Learn to play piano songs well with this book, it contains useful exercises for technique improvement
Alfred Publishing has come up with a series piano learning books comprising of nine books that were compiled into what is known as Alfred’s Basic Piano Library. The books are graded accordingly and students can purchase them individually. Here I would like to offer my thoughts on Lesson Book 2 of the series.
Lesson Book 2 has many precious piano exercises designed to build a beginner’s technical competence in playing piano songs. Such as passing Finger 1 (thumb) under Finger 2 (index finger) and passing Finger 1 under Finger 3 (middle finger).
What I find most pleasurable about the piano book is that even for such basic and elementary exercises such as these, it comes with piano songs that are a joy to play while also serving to improve technique.
Let me offer an example, to develop the technique of passing Finger 1 under Finger 2, it has us playing ‘Light and Blue’ by Willard A. Palmer. A very jazzy song played in a moderate blues tempo. Executing the song, the hand rotates as if it was turning a door knob while producing the buoyant rhythm. Your body shall naturally sway from right to left dancing along to the motions of the hand. Songs such as this is sure to keep an inexperienced beginner engaged in piano studies.
Strength and power in the fingers and accuracy are essential nescessities required to render a musical passage effectively on the piano. I have been lectured until she was blue in the face by my piano teacher to practise scales everyday for this very purpose.

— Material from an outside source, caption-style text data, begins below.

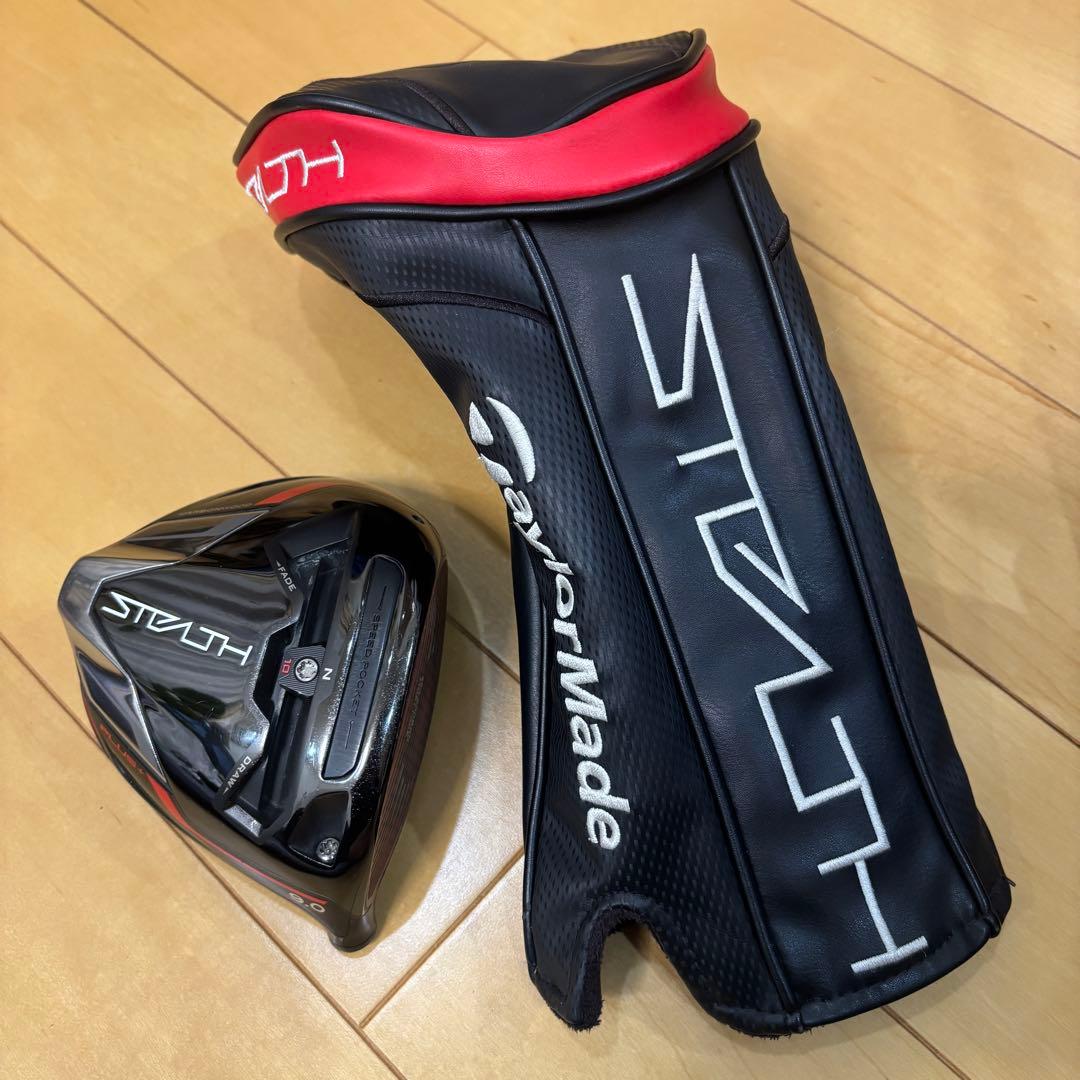 大幅値下　テーラーメイド　ステルスプラス　ドライバー9°、ヘッドカバー付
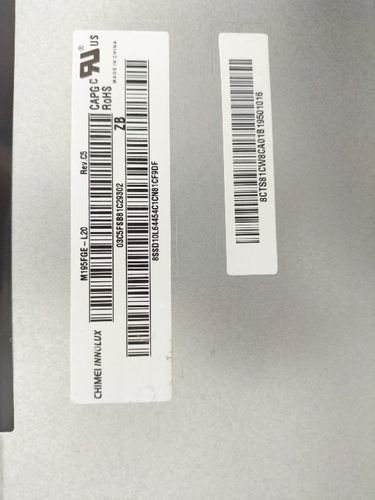 联想 启天A7400 A7300 A5000 A3300 A710 A730 S3150一体机屏幕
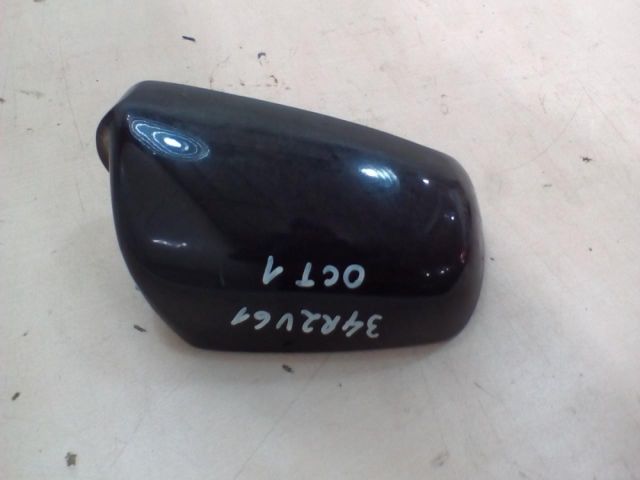 bontott SKODA OCTAVIA I Jobb Visszapillantó Tükör Burkolat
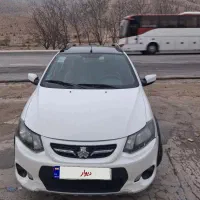 کوییک سفید مشک۱۴۰۰فول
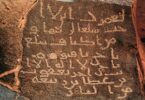 نقوش عربية أثرية على الجبال في السعودية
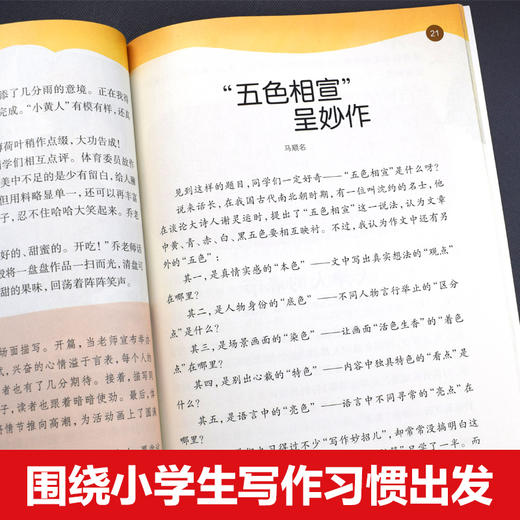 【6-12岁】《读者精选：小学生作文精华本》全6册 商品图5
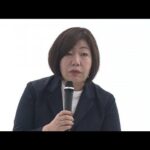 日大新理事長に林真理子さん承認へ　文科大臣も期待(2022年6月3日)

To help her get the message across, she brought this piano book into class one day and showed me how to play the chromatic scale on page 34. The folk song on the following page that consists of a couple of bars with chromatic scales were a revelation to play – I discovered how a rather simple sequence of semitones could energize a phrase to create a wonderful melody, furthermore they build stamina in the fingers and sharpen the precision in striking a key.
I dread playing trills. ‘Venetian Boat Song’ by Mendelssohn and ‘Le Coucou’ by Daquin both have them. Though I eventually managed to play the piano songs well enough, it was only after weeks of intense practice just on the trills.

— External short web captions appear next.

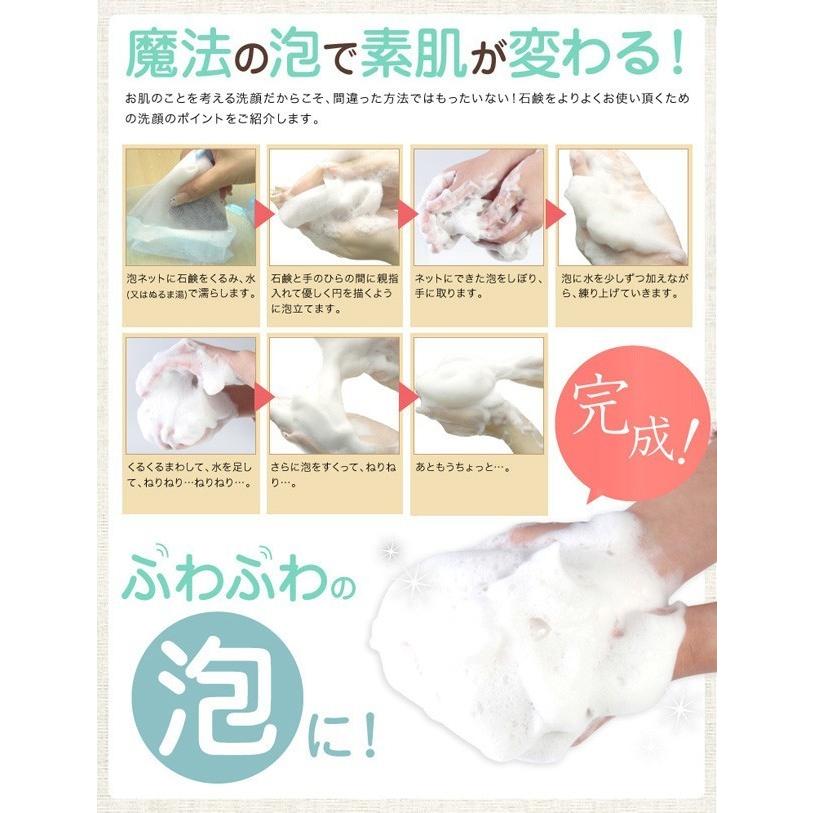 百香草 80g 3個 セット ニキビ ニキビ跡 大人ニキビ 思春期ニキビ 背中ニキビ 洗顔 洗顔石鹸 石鹸 毛穴 角栓 敏感肌 無添加 漢方 せっけん メーカー直送 ニキビのことなら百香草 Yahoo 店 通販 Yahoo ショッピング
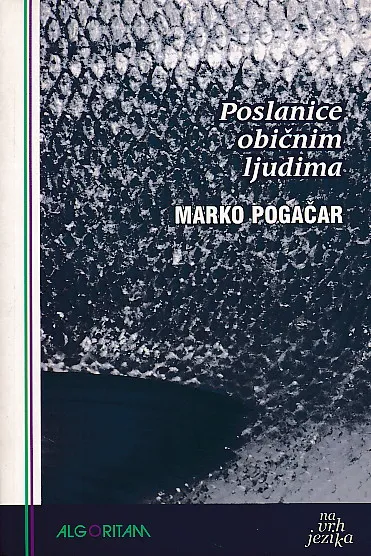 Poslanice običnim ljudima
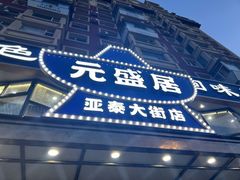 -元盛居(亚泰大街店)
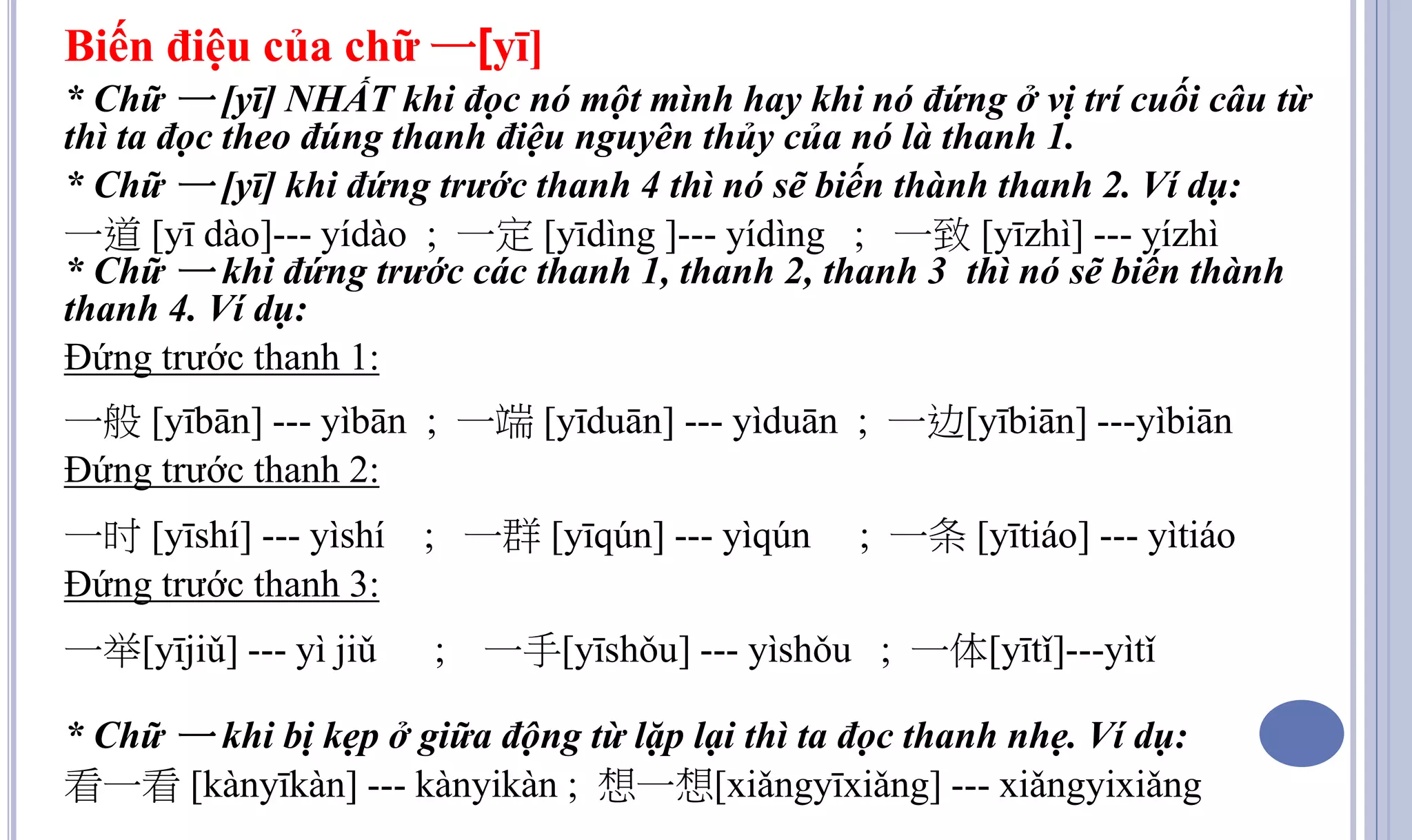 NHẬP-MÔN-NGÔN-NGỮ-1 (1).pptx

Practising Alfred’s Lesson Book 2 earlier would have eased the process a little bit. A chapter late in the piano book introduces students to the trill and has a priceless exercise left to us by the great Mozart himself.
The trill exercise was safeguarded by the maestro’s pupil Hummel, now passed down to the present generation of pianists to practise with. I think anybody can trill using fingers 2 and 3 with the right hand, but can you do it with fingers 4 and 5? How about with the left hand? The exercise is intended for the student to be able to trill with any finger variation using either hand.
Beside the technical exercises mentioned here, there are more wonderful songs in the piano book that allow you become familiar with the assortment of keys involved in piano playing, like the key of E minor or D major. While learning them it drills you to play scales and triads.
The book has benefited me greatly when I was a novice on the piano not just in improving technique but also in discovering the beauty of piano music, getting to know the history behind a composition and the storied life of its composer.